Friday, August 29, 2003

Riverfest's best seats rock with the waves



By Brenna R. Kelly
The Cincinnati Enquirer

[IMAGE] Joe Gilb of Anderson Township sips a beer as he sits on his 40-foot houseboat moored on the Newport bank of the Ohio River where he arrived Monday to claim a prime spot for the Riverfest fireworks.
(Patrick Reddy photo)
| ZOOM |
NEWPORT - When 500,000 people are searching for a parking place, riding a shuttle and trying to stake out a piece of grass for the WEBN/Toyota fireworks Sunday, Joe Gilb and seven other boaters will be enjoying the riverfront spot they've had for weeks.

For the past 19 years, Gilb, of Anderson Township, has been mooring his 40-foot boat, Carol J, on a muddy Newport riverbank for the big show.

"I don't know if it's any better than anyplace else," Gilb said, "but it's a little more convenient."

No bans on coolers here. No waiting in line for portable toilets. And when the fireworks are over, bed is only a few steps away.

"It's always the same bunch down here every year," Gilb said. They form a temporary community holding potluck cookouts and eating out together.

Boaters beach early - some two weeks before the event - to get a good spot and have a quiet riverfront existence - until Sunday.

"My son at Ohio State is bringing half his dorm down," said Ron Klaas, of Withamsville, who had his 38-foot boat Nadine moored on the bank.

Having a boat at the bank can spike one's popularity, especially a boat like Janet Raker and Bill Ruehl's. The couple lives year round on their 641/2-foot yacht.

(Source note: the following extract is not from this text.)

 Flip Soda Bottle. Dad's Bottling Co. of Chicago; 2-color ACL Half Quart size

"We are stars right now with all our friends," Raker said.

"One year we had 68 people," she said, recalling the 68 lifejackets she had to find.

Because the boats are beached on the Newport bank, they can stay in the closed section of the river, from the Roebling Suspension Bridge to the Interstate 471 bridge.

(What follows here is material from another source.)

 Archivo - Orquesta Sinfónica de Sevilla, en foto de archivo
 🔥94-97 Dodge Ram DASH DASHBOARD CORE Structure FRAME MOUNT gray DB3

And they won't have to fight the boat congestion on the river. The U.S. Coast Guard expects 2,500 pleasure boats to jostle for spots to view the fireworks.

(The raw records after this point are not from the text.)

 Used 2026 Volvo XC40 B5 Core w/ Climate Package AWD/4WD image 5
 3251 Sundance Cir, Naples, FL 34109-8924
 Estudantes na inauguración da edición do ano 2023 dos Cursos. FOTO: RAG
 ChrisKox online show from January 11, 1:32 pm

To make sure those boaters are following boating laws, the U.S. Coast Guard, Hamilton County Sheriff's Office, Kentucky Department of Fish and Wildlife, Ohio Department of Natural Resources and Covington police will all have officers patrolling the river.

The biggest problem during Riverfest is congestion, said Lt. Chris Rose, of the Coast Guard's Marine Safety Detachment in Cincinnati.

"Everyone is trying to get somewhere quickly," he said, particularly after the fireworks.